Return every line of the records, exact and in full, until you have returned the line with "Nephritic urine analysis", and include none of the pictures.
....
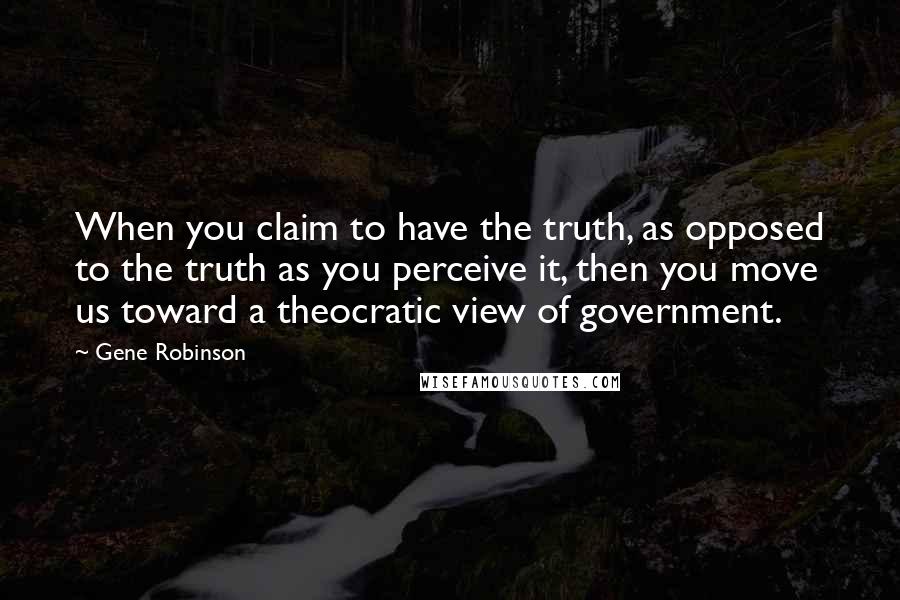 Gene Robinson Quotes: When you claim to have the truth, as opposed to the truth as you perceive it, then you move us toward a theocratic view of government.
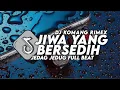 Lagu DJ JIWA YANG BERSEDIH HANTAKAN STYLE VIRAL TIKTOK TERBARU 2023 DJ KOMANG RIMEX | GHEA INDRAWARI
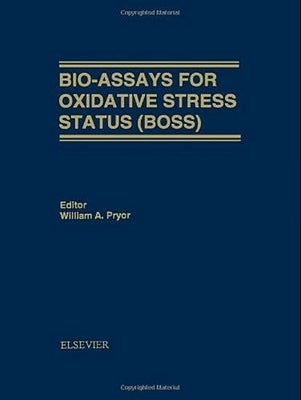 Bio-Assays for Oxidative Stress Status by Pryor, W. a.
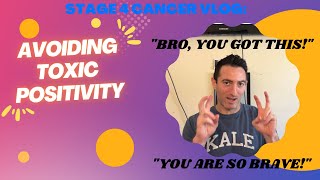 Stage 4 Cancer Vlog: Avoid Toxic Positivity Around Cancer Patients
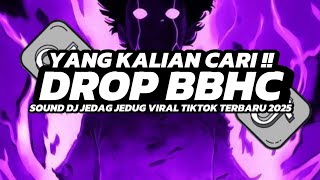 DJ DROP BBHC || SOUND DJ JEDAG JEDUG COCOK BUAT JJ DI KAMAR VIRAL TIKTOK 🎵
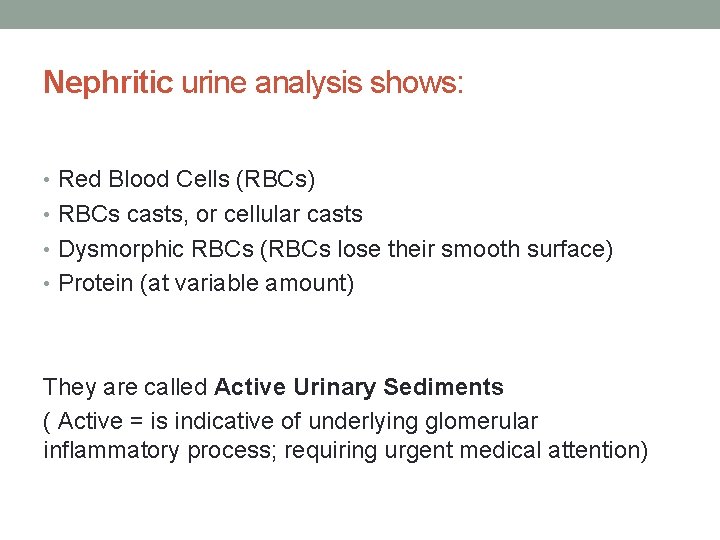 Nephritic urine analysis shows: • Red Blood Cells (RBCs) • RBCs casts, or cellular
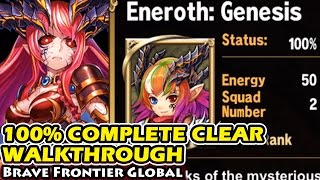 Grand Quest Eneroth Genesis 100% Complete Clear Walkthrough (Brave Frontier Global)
....
Response area:
 Gene Robinson Quotes: When you claim to have the truth, as opposed to the truth as you perceive it, then you move us toward a theocratic view of government.
 Lagu DJ JIWA YANG BERSEDIH HANTAKAN STYLE VIRAL TIKTOK TERBARU 2023 DJ KOMANG RIMEX | GHEA INDRAWARI
 Bio-Assays for Oxidative Stress Status by Pryor, W. a.
 Stage 4 Cancer Vlog: Avoid Toxic Positivity Around Cancer Patients
 DJ DROP BBHC || SOUND DJ JEDAG JEDUG COCOK BUAT JJ DI KAMAR VIRAL TIKTOK 🎵
 Nephritic urine analysis shows: • Red Blood Cells (RBCs) • RBCs casts, or cellular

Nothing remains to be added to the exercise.